One is paying a bit more attention to the Grand Street Bridge these days than formerly, as the NYC Department of Transporation has announced their intention to replace it with a more modern structure purpose built to handle current traffic needs. The current Grand Street Bridge is the 1903 model, and the third iteration of a crossing between Brooklyn and Queens on this spot. The section of Newtown Creek it crosses is considered a tributary, and it’s called “The East Branch.”

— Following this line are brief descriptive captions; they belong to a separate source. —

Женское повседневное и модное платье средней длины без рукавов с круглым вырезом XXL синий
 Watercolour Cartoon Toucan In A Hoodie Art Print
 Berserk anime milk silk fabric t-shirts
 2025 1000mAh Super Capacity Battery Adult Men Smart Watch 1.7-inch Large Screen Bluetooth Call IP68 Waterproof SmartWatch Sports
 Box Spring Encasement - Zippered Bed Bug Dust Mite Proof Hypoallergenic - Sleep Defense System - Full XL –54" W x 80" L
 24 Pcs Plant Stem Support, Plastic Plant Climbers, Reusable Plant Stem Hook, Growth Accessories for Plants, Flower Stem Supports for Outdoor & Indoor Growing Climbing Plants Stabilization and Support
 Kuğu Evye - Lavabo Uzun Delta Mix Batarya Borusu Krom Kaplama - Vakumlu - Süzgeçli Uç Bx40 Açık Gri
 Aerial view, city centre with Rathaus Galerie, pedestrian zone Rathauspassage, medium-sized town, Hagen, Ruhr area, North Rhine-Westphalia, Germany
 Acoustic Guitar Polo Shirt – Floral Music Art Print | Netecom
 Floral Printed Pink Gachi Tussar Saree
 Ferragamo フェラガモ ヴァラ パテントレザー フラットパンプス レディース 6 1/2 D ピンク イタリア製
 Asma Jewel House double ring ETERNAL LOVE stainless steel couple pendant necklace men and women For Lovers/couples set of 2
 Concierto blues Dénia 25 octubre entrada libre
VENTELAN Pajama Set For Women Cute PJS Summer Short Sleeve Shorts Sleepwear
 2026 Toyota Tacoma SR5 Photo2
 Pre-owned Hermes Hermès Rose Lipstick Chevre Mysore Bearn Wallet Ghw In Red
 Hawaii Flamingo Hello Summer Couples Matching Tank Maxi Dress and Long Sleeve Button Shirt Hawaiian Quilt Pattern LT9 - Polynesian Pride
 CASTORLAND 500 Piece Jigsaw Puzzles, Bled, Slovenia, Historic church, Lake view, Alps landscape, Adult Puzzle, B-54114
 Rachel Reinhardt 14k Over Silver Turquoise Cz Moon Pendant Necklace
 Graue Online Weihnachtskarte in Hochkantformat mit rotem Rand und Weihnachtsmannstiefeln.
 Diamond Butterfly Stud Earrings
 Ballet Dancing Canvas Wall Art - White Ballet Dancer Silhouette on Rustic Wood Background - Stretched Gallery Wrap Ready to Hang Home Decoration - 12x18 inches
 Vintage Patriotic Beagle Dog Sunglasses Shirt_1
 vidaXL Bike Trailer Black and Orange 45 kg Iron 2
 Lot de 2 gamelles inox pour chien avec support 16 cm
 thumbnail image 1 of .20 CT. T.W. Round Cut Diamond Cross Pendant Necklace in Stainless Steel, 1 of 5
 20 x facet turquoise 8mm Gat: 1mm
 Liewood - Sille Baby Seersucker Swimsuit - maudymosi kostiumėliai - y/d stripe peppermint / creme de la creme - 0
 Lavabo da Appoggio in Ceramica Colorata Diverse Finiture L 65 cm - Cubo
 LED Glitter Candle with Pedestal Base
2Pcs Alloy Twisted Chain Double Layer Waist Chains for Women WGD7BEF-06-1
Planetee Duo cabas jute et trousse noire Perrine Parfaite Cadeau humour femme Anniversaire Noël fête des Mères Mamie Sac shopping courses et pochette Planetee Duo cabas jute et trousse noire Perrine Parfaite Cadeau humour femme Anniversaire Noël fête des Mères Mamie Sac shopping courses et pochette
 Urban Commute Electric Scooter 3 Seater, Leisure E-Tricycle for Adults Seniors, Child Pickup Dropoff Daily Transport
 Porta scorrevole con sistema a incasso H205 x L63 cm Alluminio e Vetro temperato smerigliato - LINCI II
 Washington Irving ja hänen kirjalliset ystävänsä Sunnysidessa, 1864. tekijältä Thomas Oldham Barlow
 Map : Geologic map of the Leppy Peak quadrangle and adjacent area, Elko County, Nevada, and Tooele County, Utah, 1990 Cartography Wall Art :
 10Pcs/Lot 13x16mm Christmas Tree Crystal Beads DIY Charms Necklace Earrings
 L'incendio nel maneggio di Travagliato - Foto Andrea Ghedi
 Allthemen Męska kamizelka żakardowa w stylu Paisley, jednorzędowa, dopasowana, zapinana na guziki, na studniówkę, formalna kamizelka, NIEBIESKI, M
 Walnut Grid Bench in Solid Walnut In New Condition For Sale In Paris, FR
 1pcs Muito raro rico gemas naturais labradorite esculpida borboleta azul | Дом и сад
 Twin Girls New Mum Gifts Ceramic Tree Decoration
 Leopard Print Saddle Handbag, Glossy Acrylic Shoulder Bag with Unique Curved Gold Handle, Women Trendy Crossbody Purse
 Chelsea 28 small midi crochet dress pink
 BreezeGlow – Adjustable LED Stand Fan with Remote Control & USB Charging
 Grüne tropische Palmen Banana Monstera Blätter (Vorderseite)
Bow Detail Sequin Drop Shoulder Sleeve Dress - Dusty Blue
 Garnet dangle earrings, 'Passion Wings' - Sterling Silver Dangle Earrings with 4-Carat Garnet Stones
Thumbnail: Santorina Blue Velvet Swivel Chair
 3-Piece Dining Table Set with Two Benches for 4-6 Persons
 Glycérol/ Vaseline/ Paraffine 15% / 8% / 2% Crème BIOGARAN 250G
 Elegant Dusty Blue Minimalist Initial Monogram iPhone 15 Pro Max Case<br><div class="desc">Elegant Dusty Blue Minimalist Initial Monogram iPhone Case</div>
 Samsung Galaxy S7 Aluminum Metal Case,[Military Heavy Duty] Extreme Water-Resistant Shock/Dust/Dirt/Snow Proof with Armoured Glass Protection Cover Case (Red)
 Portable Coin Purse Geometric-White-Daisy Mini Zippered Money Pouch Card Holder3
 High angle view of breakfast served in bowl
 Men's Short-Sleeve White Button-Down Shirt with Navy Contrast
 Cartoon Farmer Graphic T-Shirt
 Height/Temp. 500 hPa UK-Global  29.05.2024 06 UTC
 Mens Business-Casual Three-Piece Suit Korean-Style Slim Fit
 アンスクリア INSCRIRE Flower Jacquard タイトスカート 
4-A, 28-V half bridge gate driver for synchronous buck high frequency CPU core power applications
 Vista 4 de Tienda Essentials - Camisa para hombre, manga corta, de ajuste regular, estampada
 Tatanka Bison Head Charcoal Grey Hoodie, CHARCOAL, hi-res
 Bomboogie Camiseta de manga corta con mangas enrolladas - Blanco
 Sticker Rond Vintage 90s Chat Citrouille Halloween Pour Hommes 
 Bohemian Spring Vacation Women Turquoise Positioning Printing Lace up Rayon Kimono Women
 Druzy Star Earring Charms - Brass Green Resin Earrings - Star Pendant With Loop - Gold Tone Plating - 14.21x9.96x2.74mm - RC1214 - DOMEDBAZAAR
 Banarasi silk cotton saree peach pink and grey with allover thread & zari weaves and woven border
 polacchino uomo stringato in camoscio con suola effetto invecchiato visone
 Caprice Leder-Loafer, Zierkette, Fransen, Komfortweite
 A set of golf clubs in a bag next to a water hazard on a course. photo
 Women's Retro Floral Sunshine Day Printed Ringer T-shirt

Once upon a time, the East Branch flowed into Ridgewood, where it was fed by freshwater streams and springs trickling down the “ridge” which you’ll discern when walking along Onderdonk Avenue and other eastern destinations. Ridgewood is the beginning of actual geologic rock formations, with all the land west of it being elluvial fill deposited by glacial and riverine flooding. That’s why the zones around Newtown Creek are so flat, if you were wondering. The actual terminal morraine of Long Island begins a bit to the north east at Mount Olivette Cemetery, in proper Maspeth.

– photo by Mitch Waxman

One has been attempting to get as much night shooting around Newtown Creek in as possible before the weather turns bitter cold, which is why you’ve been seeing so much of it lately. I’ve been noticed by a few people wandering around the concrete devastations with a ridiculous yellow safety vest draped over the filthy black raincoat, setting up the tripod and all the other necessary gear needed for the pursuit. With the exception of few encounters with bored but zealous security guards, it’s been a fairly solitary pursuit, although in a couple of locations I opted to bring somebody along with me to watch my back. Frequent commenter and persistent curmudgeon Don Cavaioli was with me at English Kills last week, for instance, but for the shots in yesterday and today’s posts I was on my own.

I’ve been asked about personal security by a few people, but it’s not something I worry too much about. My biggest safety concerns have been centered around not getting squished by a truck, or snapping my ankle on a hidden sinkhole or fallen branch while picking my way around in the dark. If I had to call 911 for help in an emergency, I’d likely have a devil of a time describing where I am to them as I don’t think “Maspeth Plank Road” or “former Phelps Dodge” is necessarily reflected in the municipal system. My plan for such an eventuality would actually involve first calling one of my colleagues at Newtown Creek Alliance, beseeching them to aid in sending rescuers to a humble narrator.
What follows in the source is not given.